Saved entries

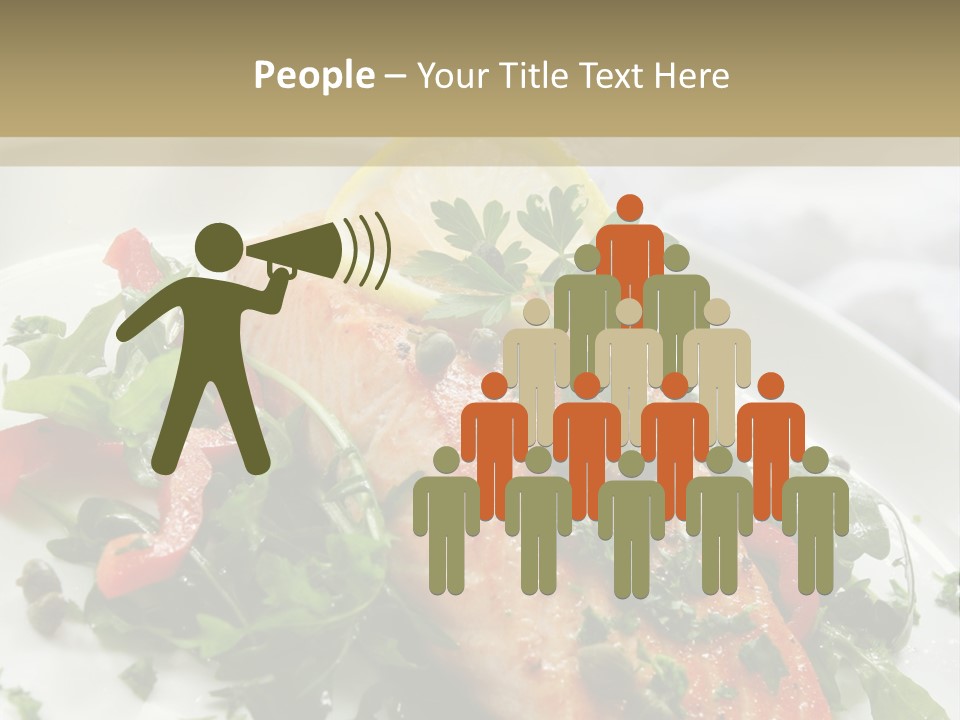 Electric Unit Cool PowerPoint Template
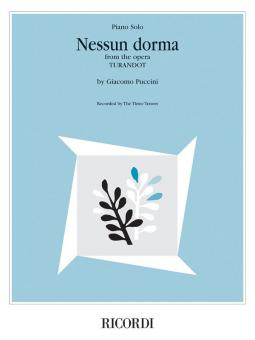 Nessun Dorma 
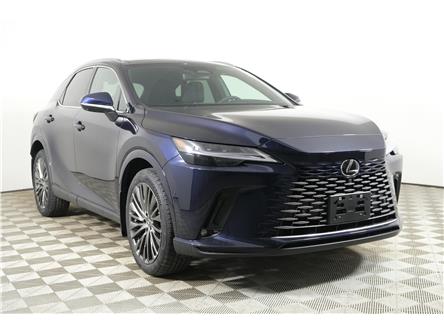 2025 Lexus RX 350h  (Stk: 15T1541) in Richmond Hill - Image 1 of 26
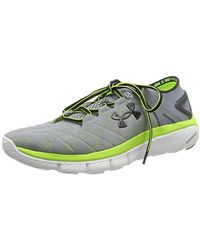 under armour speedform fortis twist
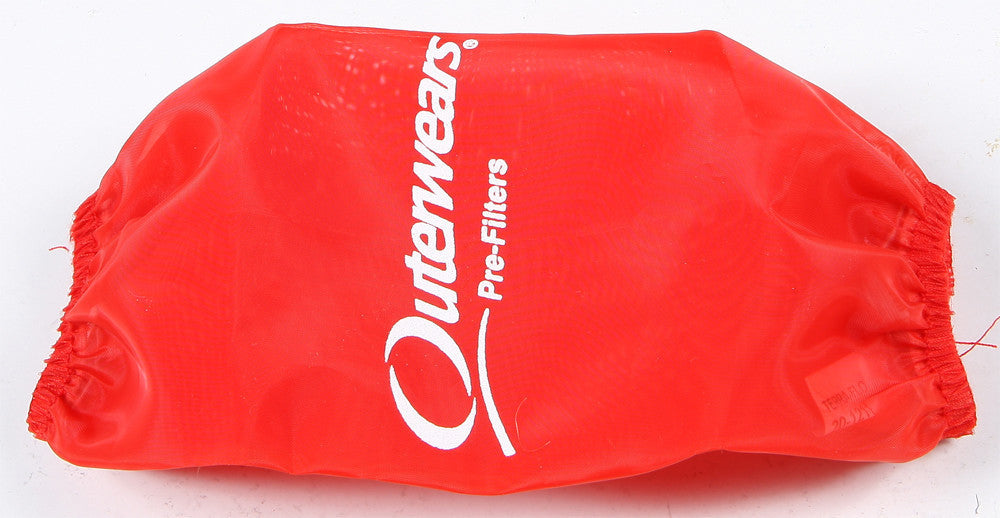 OUTERWEARS Pre-Filter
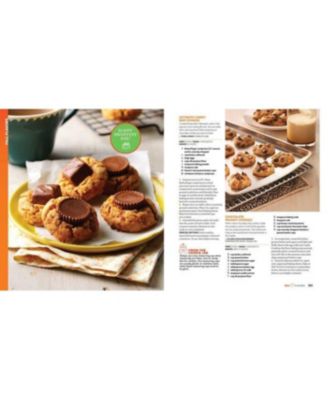 Taste Of Home 365 Days Of Cookies by Taste Of Home (Editor)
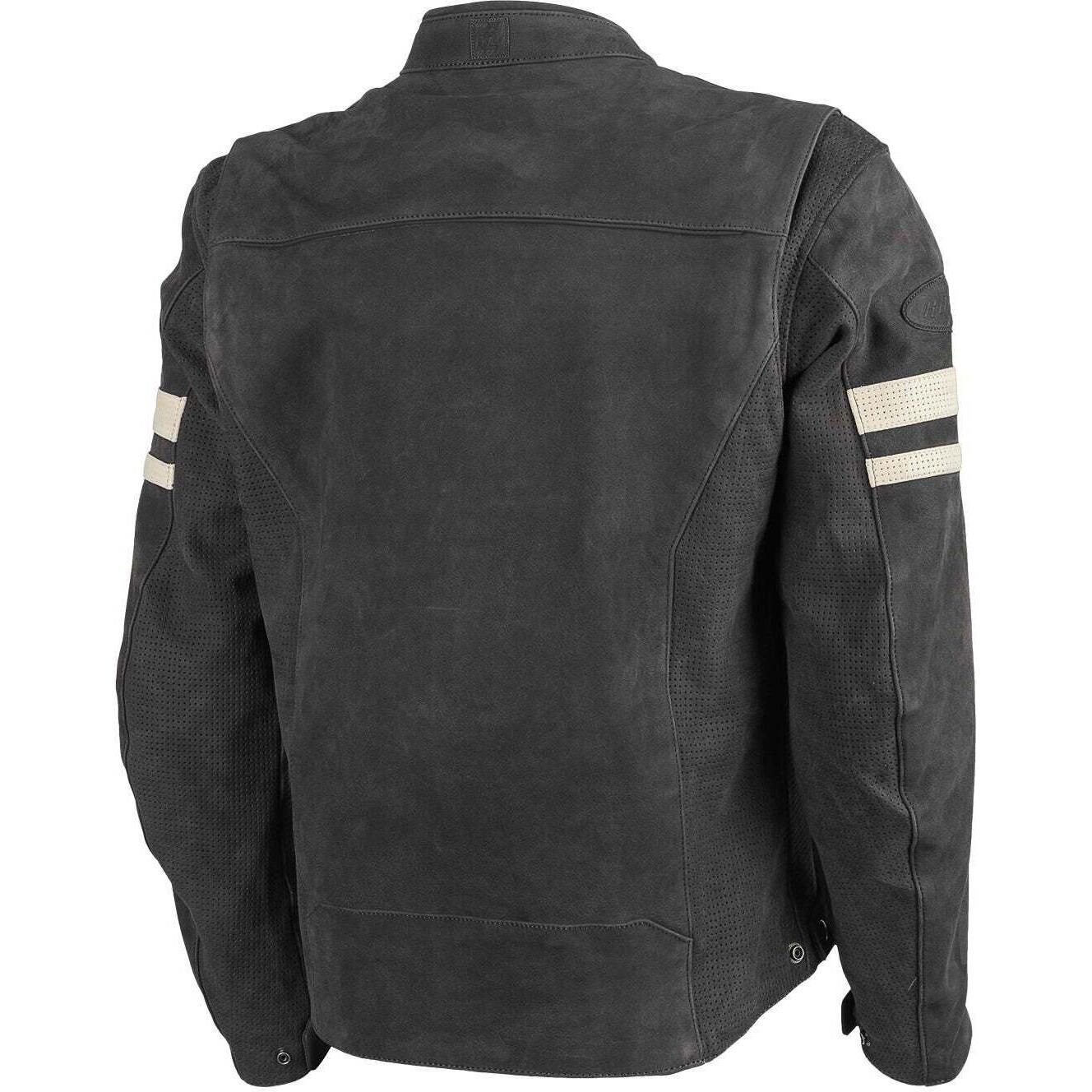 Joe Rocket Classic 92 Leather Jacket | FortNine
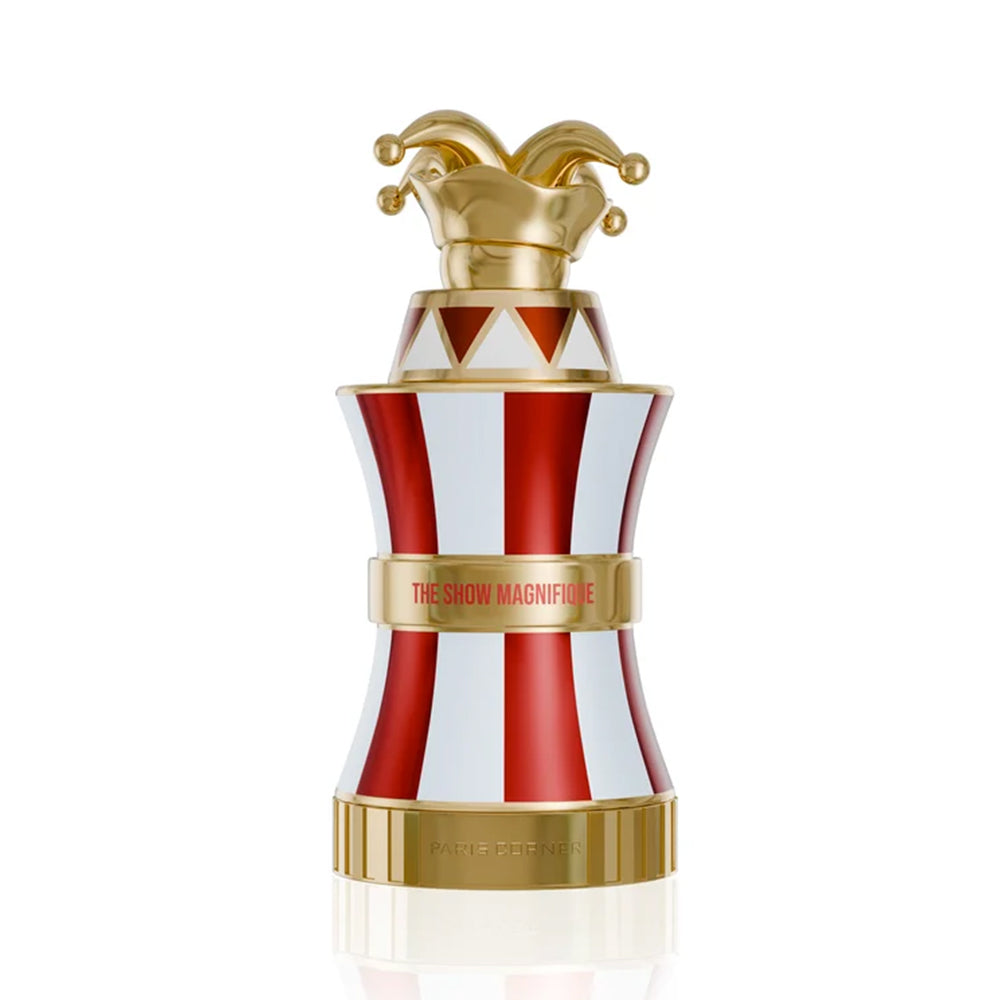 The Show Magnifique 100ml EDP by Paris Corner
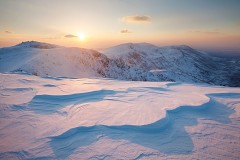Photo taken at Glyder Fach, Snowdonia
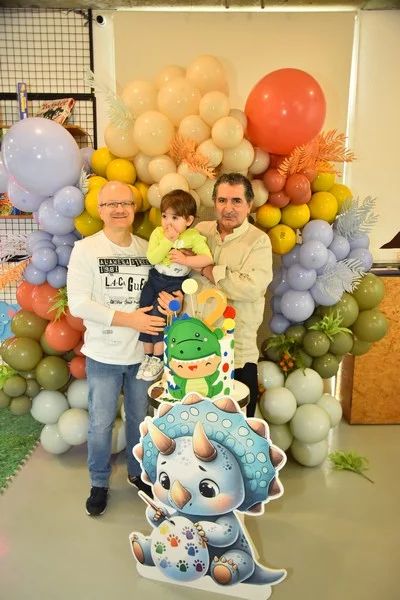 Happy Birthday Lucas 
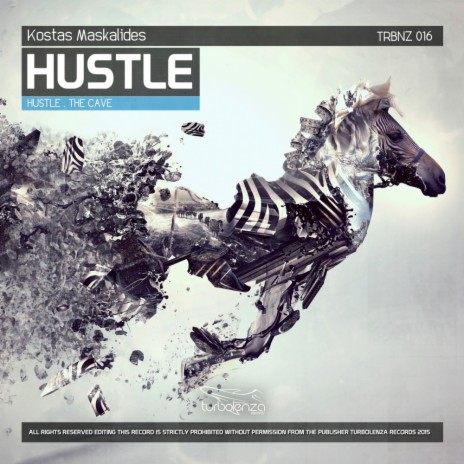 Hustle (Original Mix)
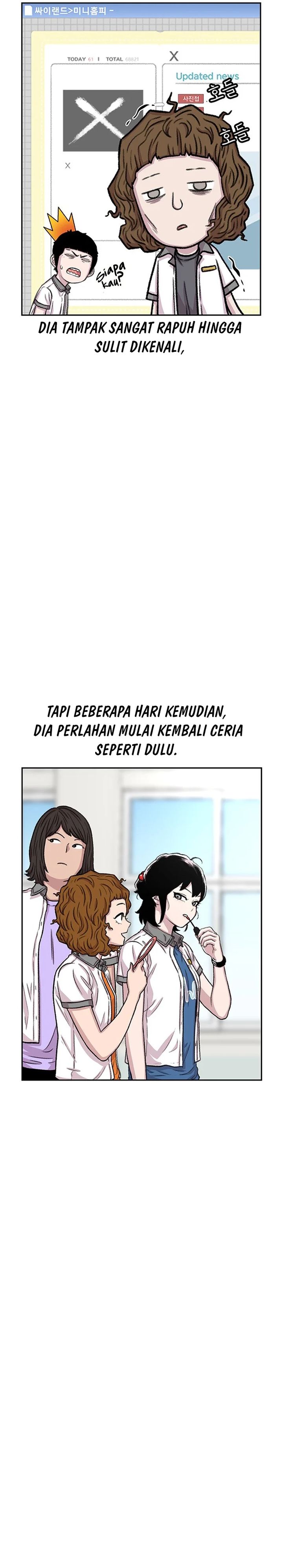Star Ginseng Store Chapter 74 Gambar 32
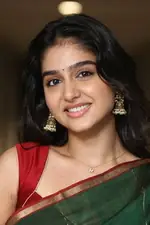 Anaswara Rajan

__Task statement__
Please return every record above exactly, but leave out the pictures.

__Answer for this exercise__
 Electric Unit Cool PowerPoint Template
 Nessun Dorma 
 2025 Lexus RX 350h  (Stk: 15T1541) in Richmond Hill - Image 1 of 26
 under armour speedform fortis twist
 OUTERWEARS Pre-Filter
 Taste Of Home 365 Days Of Cookies by Taste Of Home (Editor)
 Joe Rocket Classic 92 Leather Jacket | FortNine
 The Show Magnifique 100ml EDP by Paris Corner
Photo taken at Glyder Fach, Snowdonia
 Happy Birthday Lucas 
 Hustle (Original Mix)
Star Ginseng Store Chapter 74 Gambar 32
 Anaswara Rajan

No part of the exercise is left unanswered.